Wednesday, February 14, 2007

Masemann, Vandra Lee. (1999) “Culture and Education” in Comparative Education: The Dialectic of the Global and the Local, Robert F. Arnove and Carlos

Masemann, Vandra Lee. (1999) “Culture and Education” in Comparative Education: The Dialectic of the Global and the Local, Robert F. Arnove and Carlos Alberto Torres, eds. Lanham (MD): Rowman & Littlefield Publishers. (pp. 115-133)

Anthropology as the provider of an ethnographic approach to the study of education and schooling that is more micro in its investigations, less generalizable, but distinct, and therefore valuable as a comparative tool in regard to more common methodologies. Masemann espouses critical and/or neo-Marxist approaches to ethnographic research on comparative education, rather than reliance on phenomenological or participant subjective reality perspectives.

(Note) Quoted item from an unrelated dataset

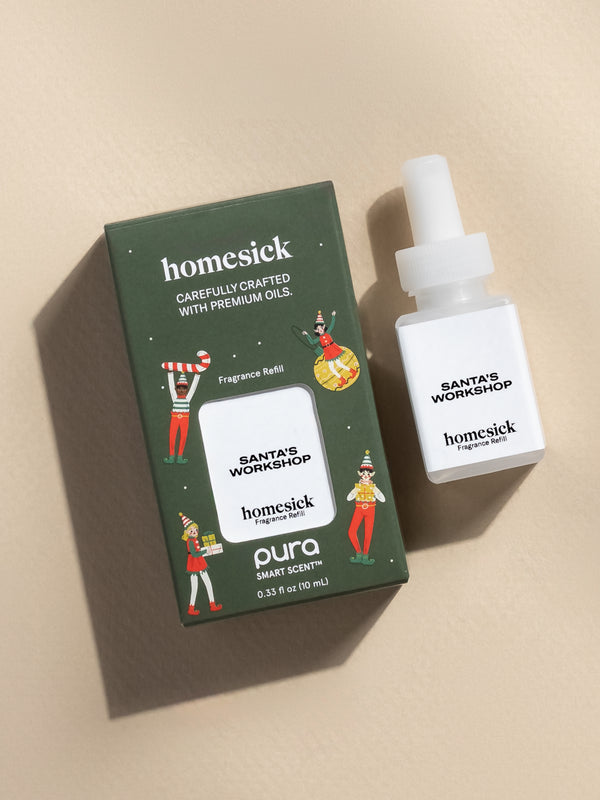 Pura Santa's Workshop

p. 115: “It is argued that a critical or neo-Marxist approach is necessary to delineate the connections between the microlevel of the local school experience and the macrolevel of structural forces at the global level that are shaping the “delivery” and the experience of education in every country in even the most remote regions.” In addition, a cultural approach to the study of comparative education is important to combat some increasing trends in the economistic analysis of school effectiveness that rest on productivity-oriented criteria, an analysis that is used on every level of education from early elementary school up to the tertiary level.”

THE CONCEPT OF CULTURE

Many definitions of culture – concerned with actions, ideas, artifacts, which individuals in the tradition concerned learn, share, and value. Culture has mental, social, linguistic, and physical aspects. Culture is no longer thought of as the homogeneous thing it formerly was (colonial anthropology-era).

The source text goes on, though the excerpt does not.